The lack of adequate investment in early learning is not a sound decision if we want Silicon Valley to retain its competitiveness. Research has confirmed time and again that investing in early childhood education programs is the best way to ensure academic success, reduce public budget deficits and strengthen the economy.
The rates of return to our society on investing in early childhood programs are estimated at 7 to 10 percent a year. The weight of evidence clearly suggests that California needs to invest more in early childhood programs, not less. As a result of these facts and our local challenges, we requested that as part of the May Budget Revision, the state:
- Increase investment in California’s early education system by $800 million this year. The current state investment in early education is still nearly $800 million below investment levels in 2008. This lack of investment has translated to 8,000 low-income 3- and 4-year-olds in Silicon Valley having no access to services; woefully underpaid teachers in existing state preschools; and more than 4,400 childcare centers, providers and businesses statewide that have shut their doors since 2008.

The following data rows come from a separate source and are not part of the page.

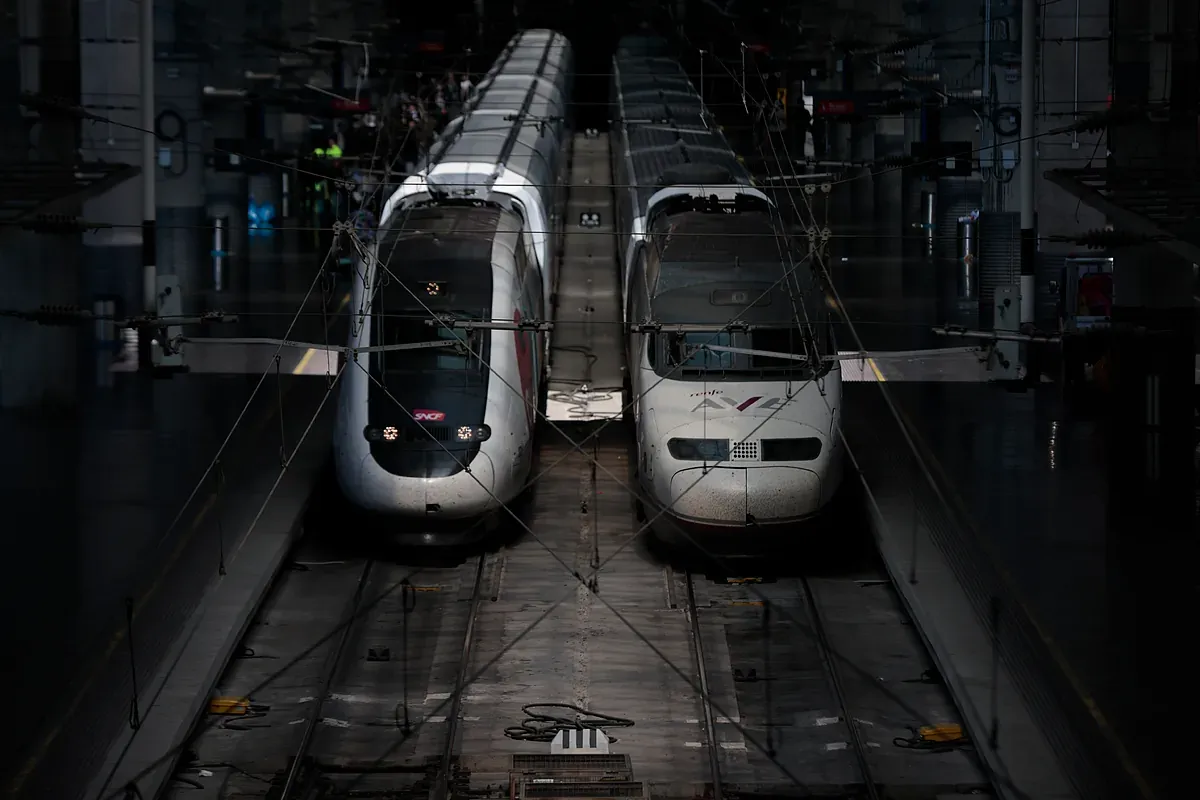 Un tren de Renfe entra en Córdoba "echando humo" y causa retrasos de 64 minutos en las horas previas a la salida de Semana Santa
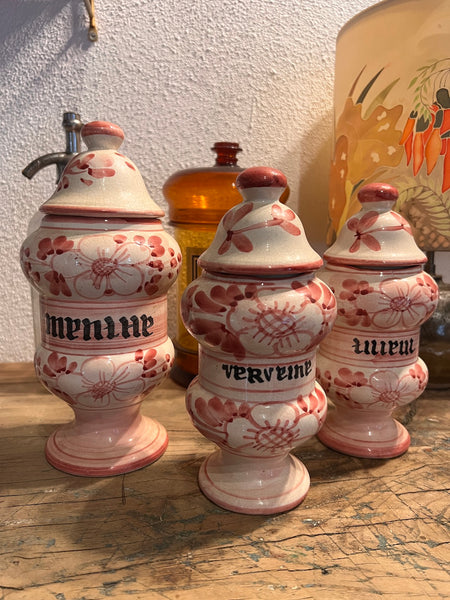 Lot de 3 pots roses vintages d'herboriste / apothicaire en céramique peinte à la main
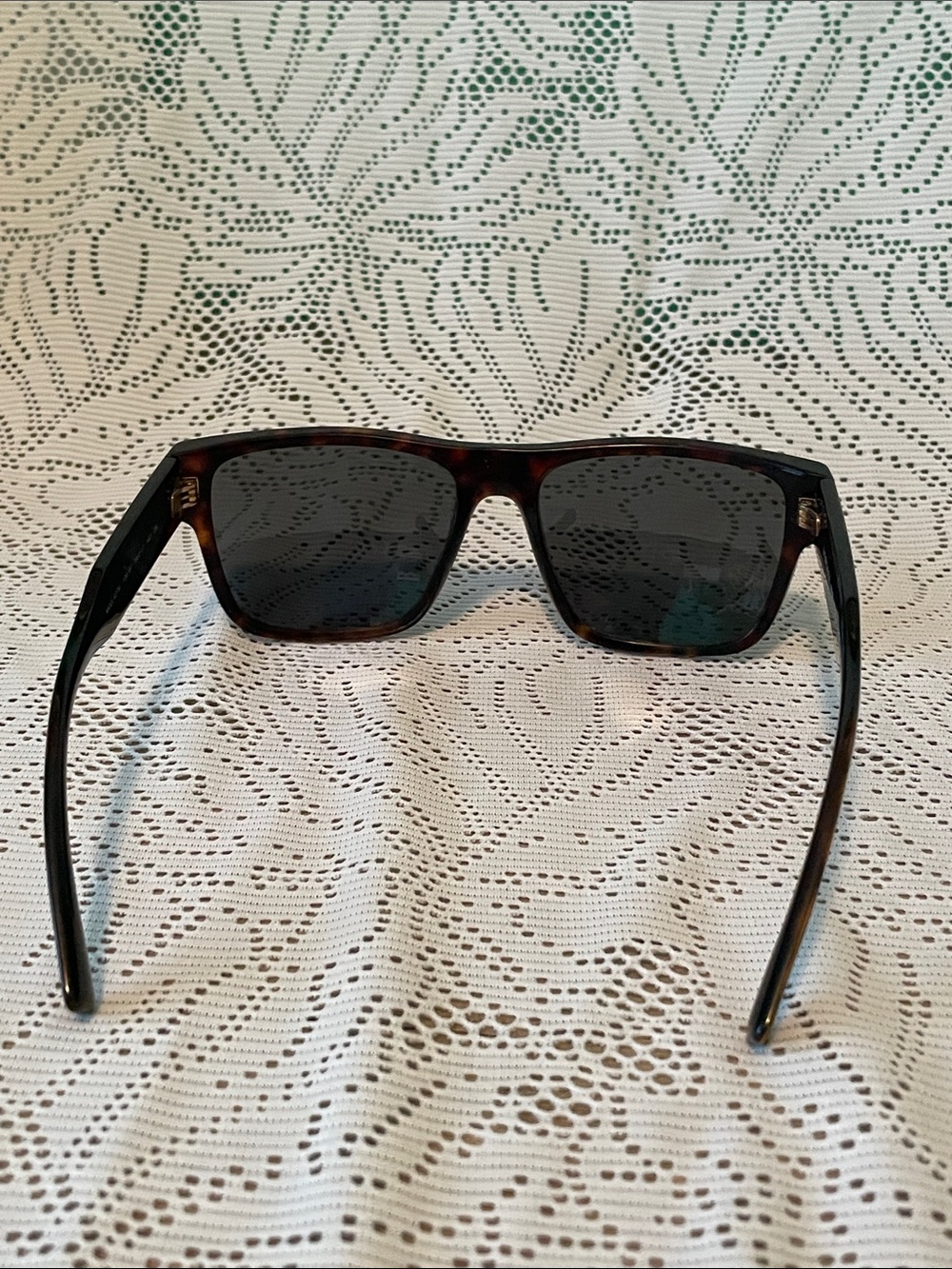 Versace Tortoiseshell Sunglasses with Black Lenses and Gold Logo Plaque - Picture 6 of 13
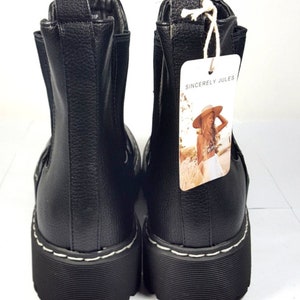 Christmas Sincerely Jules Women's Hippie Chelsea Boots Black shoes leather sz 8.5, sz 6 NEW image 3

- Provide sufficient time for policy leaders and early learning experts to participate in conversations about streamlining and consolidating the state’s complicated early education system. Several complex topics that must be addressed include identifying quality standards, appropriate reimbursement rates, program eligibility, a stable source of funding for the system, and timing of any new program implementation.
Our hope is that our advocacy will result in increased state funding for early education and a streamlined system that makes sense for families. Ultimately, these changes will improve the trajectory of California’s children and families to ensure their success and maintain our global competiveness.